Brief descriptive captions
※

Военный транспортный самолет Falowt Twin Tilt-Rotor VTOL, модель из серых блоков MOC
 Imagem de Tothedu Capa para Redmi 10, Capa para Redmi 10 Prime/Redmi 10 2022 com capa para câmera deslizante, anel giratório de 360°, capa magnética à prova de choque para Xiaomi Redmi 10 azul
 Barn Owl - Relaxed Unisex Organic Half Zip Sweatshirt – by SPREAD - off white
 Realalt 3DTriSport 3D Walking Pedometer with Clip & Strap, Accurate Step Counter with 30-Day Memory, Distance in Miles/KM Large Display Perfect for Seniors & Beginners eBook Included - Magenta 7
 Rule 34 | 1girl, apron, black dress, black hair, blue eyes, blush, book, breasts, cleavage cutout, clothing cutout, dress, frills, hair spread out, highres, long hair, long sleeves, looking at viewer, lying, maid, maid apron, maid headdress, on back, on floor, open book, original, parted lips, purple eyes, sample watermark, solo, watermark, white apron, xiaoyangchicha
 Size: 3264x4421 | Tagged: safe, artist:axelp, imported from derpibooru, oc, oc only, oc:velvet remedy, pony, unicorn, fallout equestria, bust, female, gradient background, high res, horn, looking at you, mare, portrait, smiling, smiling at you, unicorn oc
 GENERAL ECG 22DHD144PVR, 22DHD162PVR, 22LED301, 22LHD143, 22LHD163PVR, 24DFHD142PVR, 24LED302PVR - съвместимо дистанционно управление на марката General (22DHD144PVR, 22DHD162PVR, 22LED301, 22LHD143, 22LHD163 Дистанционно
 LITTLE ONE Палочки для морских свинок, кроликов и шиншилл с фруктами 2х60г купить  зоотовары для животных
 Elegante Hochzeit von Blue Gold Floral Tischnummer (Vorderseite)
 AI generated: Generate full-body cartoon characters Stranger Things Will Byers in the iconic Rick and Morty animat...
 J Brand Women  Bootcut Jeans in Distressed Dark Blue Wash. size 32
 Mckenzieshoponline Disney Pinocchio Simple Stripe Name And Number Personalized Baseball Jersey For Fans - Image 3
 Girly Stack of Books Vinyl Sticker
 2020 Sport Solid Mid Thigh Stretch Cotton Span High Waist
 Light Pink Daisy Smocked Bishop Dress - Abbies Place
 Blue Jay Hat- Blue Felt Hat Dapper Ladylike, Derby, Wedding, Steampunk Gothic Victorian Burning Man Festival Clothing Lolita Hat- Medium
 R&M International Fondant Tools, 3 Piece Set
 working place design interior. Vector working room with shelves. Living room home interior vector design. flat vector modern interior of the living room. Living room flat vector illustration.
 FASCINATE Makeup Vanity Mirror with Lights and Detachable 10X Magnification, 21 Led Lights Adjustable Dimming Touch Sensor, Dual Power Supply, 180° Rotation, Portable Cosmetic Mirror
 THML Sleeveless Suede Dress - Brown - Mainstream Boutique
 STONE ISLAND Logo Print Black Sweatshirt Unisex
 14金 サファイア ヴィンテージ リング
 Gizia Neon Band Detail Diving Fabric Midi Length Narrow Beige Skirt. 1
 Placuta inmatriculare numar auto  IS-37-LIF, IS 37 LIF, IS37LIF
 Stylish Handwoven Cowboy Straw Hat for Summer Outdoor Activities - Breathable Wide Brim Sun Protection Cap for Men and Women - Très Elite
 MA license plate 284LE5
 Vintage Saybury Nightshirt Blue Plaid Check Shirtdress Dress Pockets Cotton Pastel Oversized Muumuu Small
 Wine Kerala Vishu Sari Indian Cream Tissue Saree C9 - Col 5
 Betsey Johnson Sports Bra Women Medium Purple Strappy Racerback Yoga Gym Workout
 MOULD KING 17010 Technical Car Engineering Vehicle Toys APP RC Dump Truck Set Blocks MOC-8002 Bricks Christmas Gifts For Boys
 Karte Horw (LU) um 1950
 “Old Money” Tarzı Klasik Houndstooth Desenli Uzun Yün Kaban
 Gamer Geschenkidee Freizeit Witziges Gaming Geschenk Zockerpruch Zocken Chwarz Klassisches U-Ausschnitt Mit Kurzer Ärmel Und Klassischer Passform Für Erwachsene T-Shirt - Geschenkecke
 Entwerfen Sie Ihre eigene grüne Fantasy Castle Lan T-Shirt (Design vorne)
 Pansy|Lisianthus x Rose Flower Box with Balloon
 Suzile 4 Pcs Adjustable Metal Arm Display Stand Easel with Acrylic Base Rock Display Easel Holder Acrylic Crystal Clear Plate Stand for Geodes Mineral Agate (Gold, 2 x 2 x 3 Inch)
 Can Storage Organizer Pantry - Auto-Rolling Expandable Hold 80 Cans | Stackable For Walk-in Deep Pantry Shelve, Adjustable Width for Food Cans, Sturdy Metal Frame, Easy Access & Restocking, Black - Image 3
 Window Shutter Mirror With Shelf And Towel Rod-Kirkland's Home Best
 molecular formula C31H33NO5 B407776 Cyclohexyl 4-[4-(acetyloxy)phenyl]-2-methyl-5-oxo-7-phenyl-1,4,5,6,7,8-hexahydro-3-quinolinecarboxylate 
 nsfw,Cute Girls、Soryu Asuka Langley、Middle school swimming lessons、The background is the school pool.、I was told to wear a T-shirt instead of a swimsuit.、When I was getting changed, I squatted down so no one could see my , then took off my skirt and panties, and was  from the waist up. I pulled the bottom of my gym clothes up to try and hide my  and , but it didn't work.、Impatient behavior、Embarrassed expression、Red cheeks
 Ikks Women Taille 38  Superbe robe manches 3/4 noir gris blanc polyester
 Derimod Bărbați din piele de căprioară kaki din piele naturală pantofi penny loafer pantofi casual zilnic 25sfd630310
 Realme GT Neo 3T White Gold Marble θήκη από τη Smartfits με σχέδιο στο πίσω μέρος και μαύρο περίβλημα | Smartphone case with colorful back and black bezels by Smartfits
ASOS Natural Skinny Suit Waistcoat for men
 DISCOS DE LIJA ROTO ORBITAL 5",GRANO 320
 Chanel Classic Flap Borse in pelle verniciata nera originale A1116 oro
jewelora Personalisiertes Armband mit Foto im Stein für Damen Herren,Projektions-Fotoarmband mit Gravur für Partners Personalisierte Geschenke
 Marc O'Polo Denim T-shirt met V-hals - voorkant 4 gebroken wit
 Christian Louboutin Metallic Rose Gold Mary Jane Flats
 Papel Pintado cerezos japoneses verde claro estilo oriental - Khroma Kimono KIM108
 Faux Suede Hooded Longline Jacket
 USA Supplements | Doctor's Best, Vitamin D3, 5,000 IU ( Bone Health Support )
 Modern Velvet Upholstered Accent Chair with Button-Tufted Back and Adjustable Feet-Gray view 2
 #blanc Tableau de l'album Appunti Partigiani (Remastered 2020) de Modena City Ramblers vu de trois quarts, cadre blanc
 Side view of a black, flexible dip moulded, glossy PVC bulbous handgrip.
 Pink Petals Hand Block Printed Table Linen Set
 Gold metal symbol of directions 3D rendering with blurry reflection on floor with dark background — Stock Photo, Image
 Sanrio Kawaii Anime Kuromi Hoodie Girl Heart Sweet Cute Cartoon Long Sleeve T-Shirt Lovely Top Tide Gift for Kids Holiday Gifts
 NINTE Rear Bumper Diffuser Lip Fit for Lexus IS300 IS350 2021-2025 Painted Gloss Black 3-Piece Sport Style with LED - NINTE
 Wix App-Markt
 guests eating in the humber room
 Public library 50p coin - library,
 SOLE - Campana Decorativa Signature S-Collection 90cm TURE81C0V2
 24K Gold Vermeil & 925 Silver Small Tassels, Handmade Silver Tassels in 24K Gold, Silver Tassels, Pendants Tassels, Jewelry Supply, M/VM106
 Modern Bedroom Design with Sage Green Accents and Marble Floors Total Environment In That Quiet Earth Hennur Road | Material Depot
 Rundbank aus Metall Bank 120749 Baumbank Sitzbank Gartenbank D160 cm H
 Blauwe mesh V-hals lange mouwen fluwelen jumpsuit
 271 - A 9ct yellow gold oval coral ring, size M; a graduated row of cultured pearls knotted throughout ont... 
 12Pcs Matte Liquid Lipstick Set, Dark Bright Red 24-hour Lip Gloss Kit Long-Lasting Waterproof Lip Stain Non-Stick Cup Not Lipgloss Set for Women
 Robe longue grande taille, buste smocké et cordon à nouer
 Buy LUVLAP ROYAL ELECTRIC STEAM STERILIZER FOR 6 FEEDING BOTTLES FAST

※

## TASK OBJECTIVE:
Send back an exact copy of only the lines from the line with "Barn Owl - Relaxed" up to and including the line with "Realalt 3DTriSport 3D" in the data above.

## REPLY TO THE EXERCISE:
 Barn Owl - Relaxed Unisex Organic Half Zip Sweatshirt – by SPREAD - off white
 Realalt 3DTriSport 3D Walking Pedometer with Clip & Strap, Accurate Step Counter with 30-Day Memory, Distance in Miles/KM Large Display Perfect for Seniors & Beginners eBook Included - Magenta 7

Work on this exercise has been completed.